• _Task item_:
A verbatim reproduction of the following listing is required; omit the pictures.

• _Source data_:

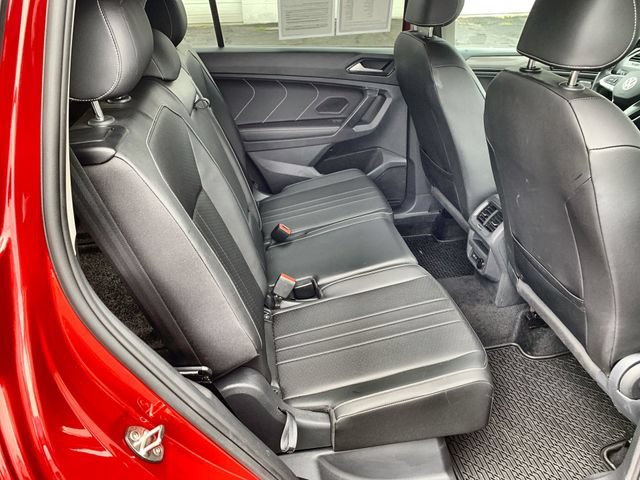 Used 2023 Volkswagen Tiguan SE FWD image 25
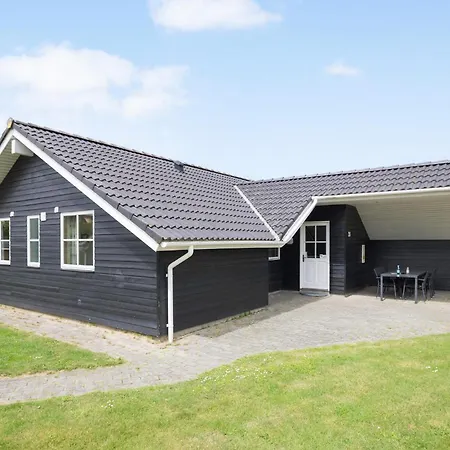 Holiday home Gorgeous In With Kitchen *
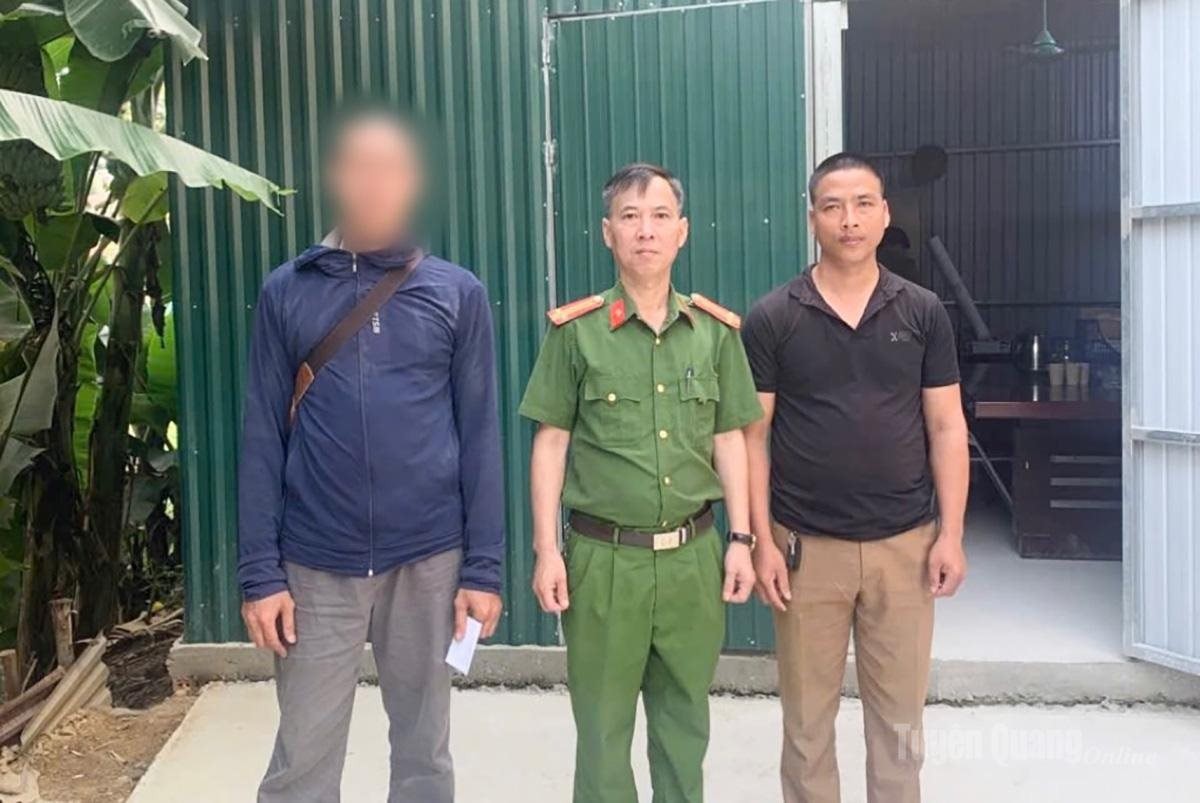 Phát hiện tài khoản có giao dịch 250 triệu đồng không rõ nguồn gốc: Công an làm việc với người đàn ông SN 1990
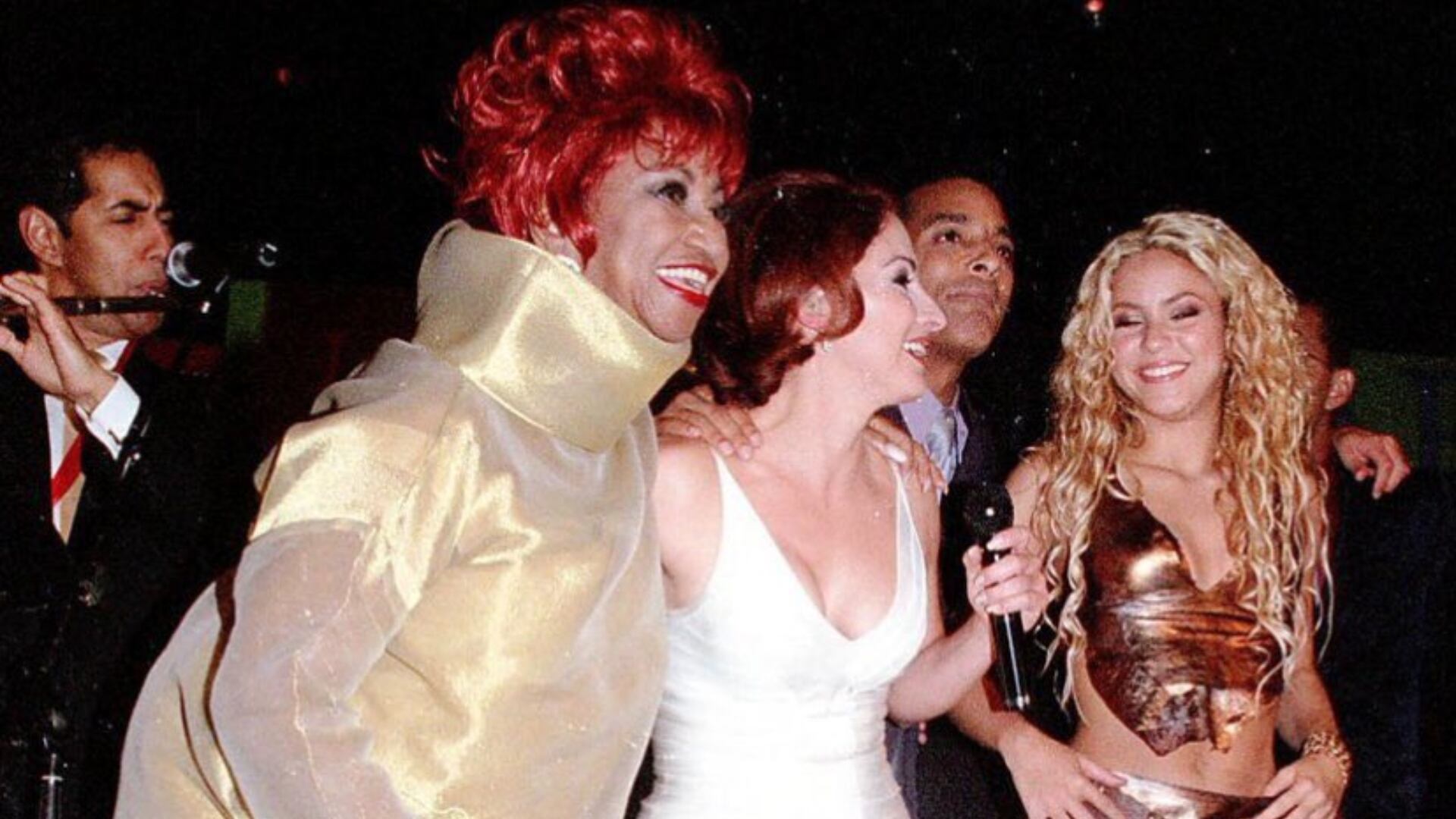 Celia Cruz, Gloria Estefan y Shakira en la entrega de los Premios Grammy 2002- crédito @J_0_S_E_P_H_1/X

• _Result for this exercise_:
 Used 2023 Volkswagen Tiguan SE FWD image 25
 Holiday home Gorgeous In With Kitchen *
 Phát hiện tài khoản có giao dịch 250 triệu đồng không rõ nguồn gốc: Công an làm việc với người đàn ông SN 1990
 Celia Cruz, Gloria Estefan y Shakira en la entrega de los Premios Grammy 2002- crédito @J_0_S_E_P_H_1/X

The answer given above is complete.